Lomax-Smith got into politics in 1991 after working in the pathology field. She served in the Adelaide City Council for Grey Ward and later as Lord Mayor of Adelaide between 1997 and 2000, making her the second woman ever to occupy this office. As a councillor, she championed issues such as heritage protection, the conservation of the Adelaide Park Lands, affordable housing, reconciliation and the attraction of foreign students via Study Adelaide. Following the 2002 election, Lomax-Smith was elected as ALP's representative for Adelaide in the South Australian House of Assembly and became a minister in the Rann government with several portfolios such as Tourism, Education, Small Business, Employment, Science and Information Economy, Mental Health and Substance Abuse, and Minister for the City of Adelaide. Lomax-Smith was reelected in 2006 although with an improved majority only to lose her seat in the 2010 South Australian state election against the Liberal Party's candidate Rachel Sanderson.
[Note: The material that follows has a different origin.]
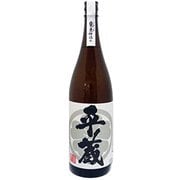 桜乃峰 平蔵 芋 25度 1800ml [焼酎]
After leaving parliament, Lomax-Smith has had several positions in government and advisory roles such as chairwoman for the Higher Education Base Funding Review, acting director of the Royal Institution of Australia, chairwoman of the board of directors of the South Australian Museum, and also chaired other organisations such as the Don Dunstan Foundation and the Australian Federation of Friends of Museums. She rejoined the ranks of local government in 2022 by being elected as the Lord Mayor of Adelaide for a second term after defeating former senator Rex Patrick as well as current Lord Mayor Sandy Verschoor. In 2025, she announced that she would seek re-election as Lord Mayor at the next council election.

==Early life and education==
Jane Diane Lomax-Smith was born on 19 June 1950 in Walthamstow, East London, United Kingdom, to Olive Martha Lomax and Francis George, into a working-class family. Her father worked as a carpenter and her mother as a hairdresser. During her childhood, she assisted in her mother's hairdressing business. She later stated that she developed an early interest in pathology during her medical training, noting its academic demands compared with other medical specialties of the period. While living in London, she also participated in voluntary activities, including assisting with community services for older residents and teaching swimming at a local orphanage while still a student.
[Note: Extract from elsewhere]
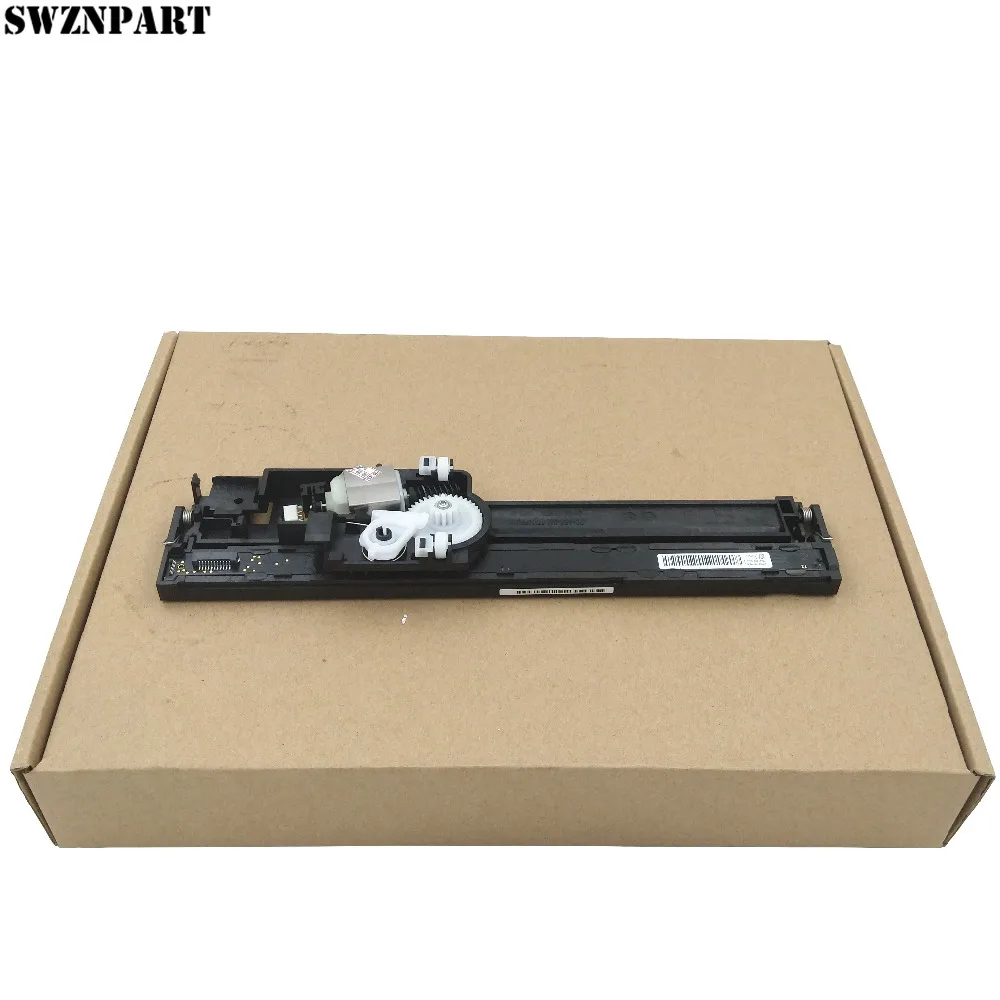 Контактный датчик изображения CIS сканер блок головка для HP M129 M130 M132 M133 M134 M130nw M130a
Lomax-Smith attended Woodford County High School for Girls from 1961 to 1968. She was the first member of her family to continue formal education beyond the age of 13. She subsequently received a grant to study medicine at London Hospital Medical College in Whitechapel. During her studies, she undertook teaching duties in embryology and histology. She completed a Bachelor of Science (Honours) in Human Anatomy in 1971, followed by a Bachelor of Medicine and Bachelor of Surgery and an additional Bachelor of Science (Honours) in 1974. She later worked as a registrar and houseman at the Royal Postgraduate Medical School in Hammersmith and the London Hospital.
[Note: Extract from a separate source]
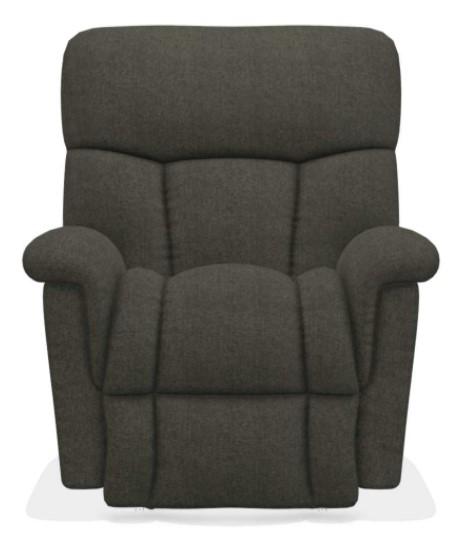 La-Z-Boy Mateo Midnight Power Wall Recliner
After demonstrating clinical competence while working at a hospital, she was offered surgical training by a vascular surgeon and worked weekly in a surgical outpatient clinic during her first year in pathology training. She later stated that while she enjoyed clinical work, she did not consider surgery suitable as a long-term career due to lifestyle and working condition considerations. While undertaking pathology training in London, she accepted an academic position at the University of Adelaide offered by a former colleague and subsequently relocated to Australia.

In 1977, Lomax-Smith moved to Australia and was appointed as a lecturer in the Department of Pathology at the University of Adelaide Medical School. She relocated from London to Adelaide at the age of 27 after accepting the position, initially expressing reluctance due to limited familiarity with the city. She was influenced by accounts of Adelaide's cultural environment, urban planning, environmental policies, and food and wine industry during Don Dunstan's premiership, and later consulted her mother before accepting the appointment. The role included a condition requiring repayment of travel costs if she did not remain for at least one year. She continued work in clinical pathology alongside teaching and research at the University of Adelaide, with aspects of her doctoral studies and subsequent research conducted in the United States supported by the institution.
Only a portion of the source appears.